### SOURCE DATA
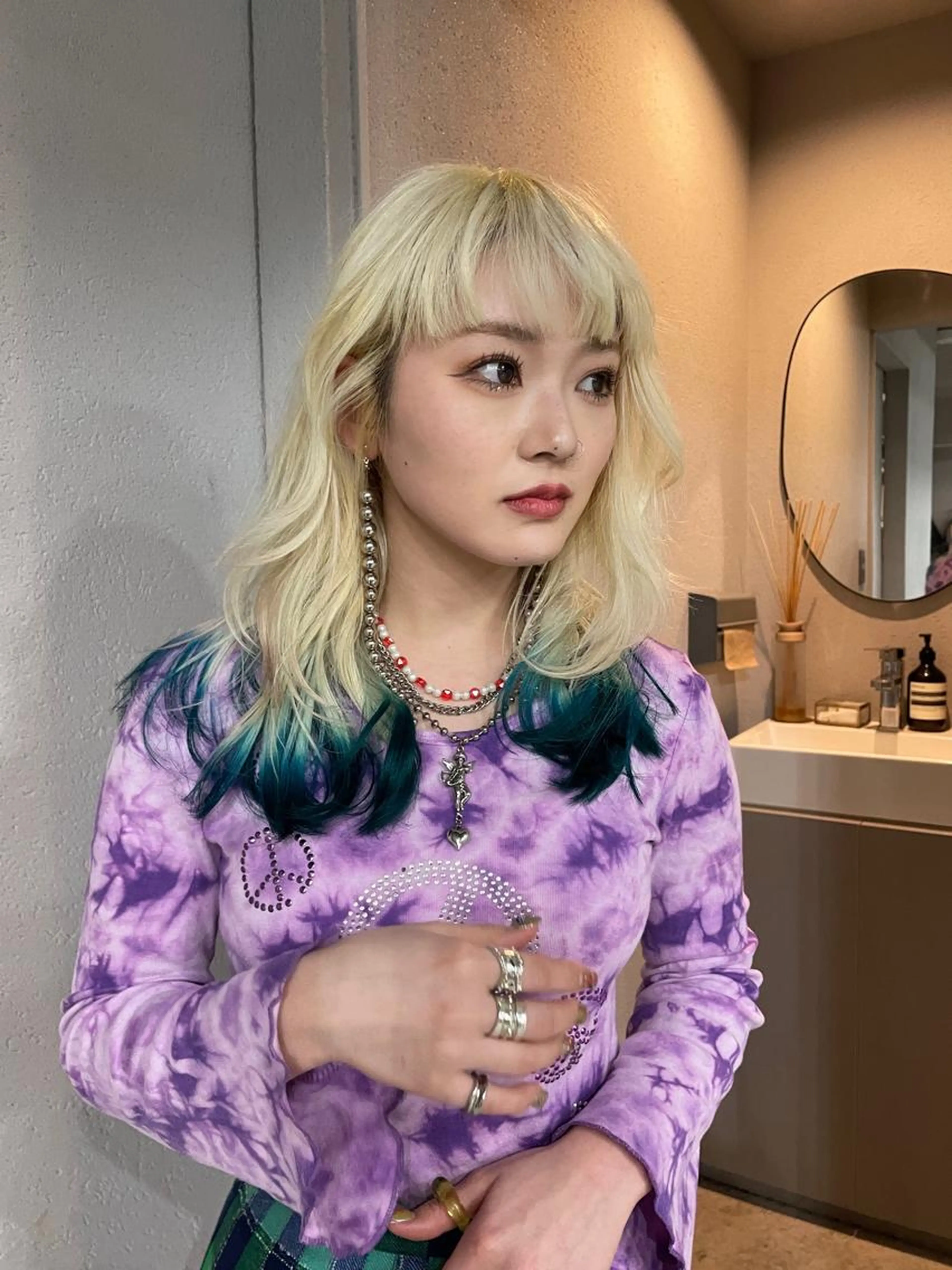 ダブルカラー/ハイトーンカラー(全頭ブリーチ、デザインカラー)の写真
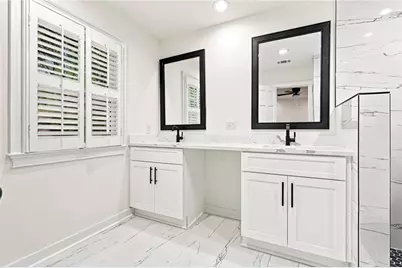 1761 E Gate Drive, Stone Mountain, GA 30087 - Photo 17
* * *
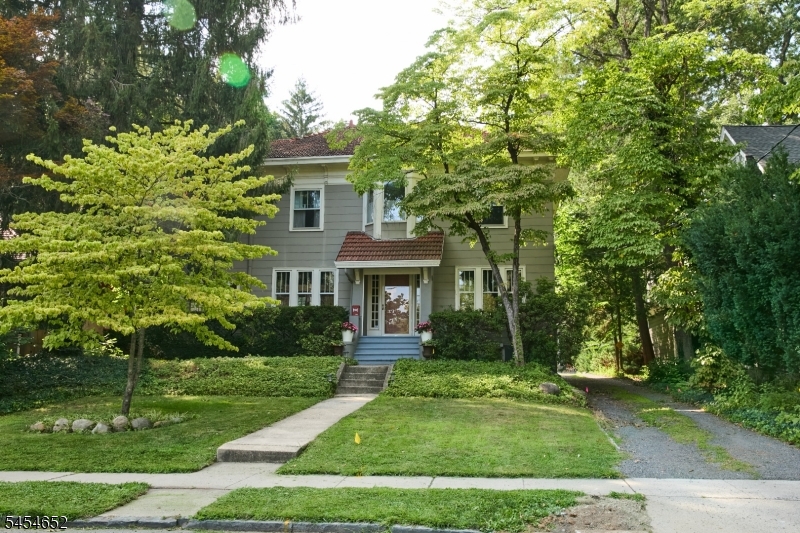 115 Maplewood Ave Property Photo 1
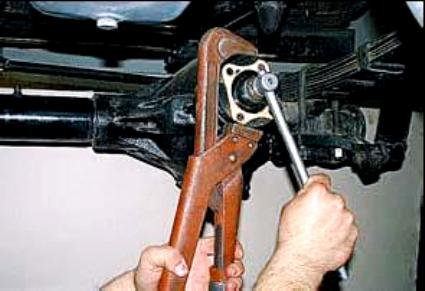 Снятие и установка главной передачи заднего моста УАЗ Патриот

### EXERCISE DIRECTIONS
Would you copy, word for word, only the lines above from the one containing "ダブルカラー/ハイトーンカラー(全頭ブリーチ、デザインカラー)の写真" through the one containing "1761 E Gate", both included, and please leave out the pictures?

### YOUR SOLUTION
 ダブルカラー/ハイトーンカラー(全頭ブリーチ、デザインカラー)の写真
 1761 E Gate Drive, Stone Mountain, GA 30087 - Photo 17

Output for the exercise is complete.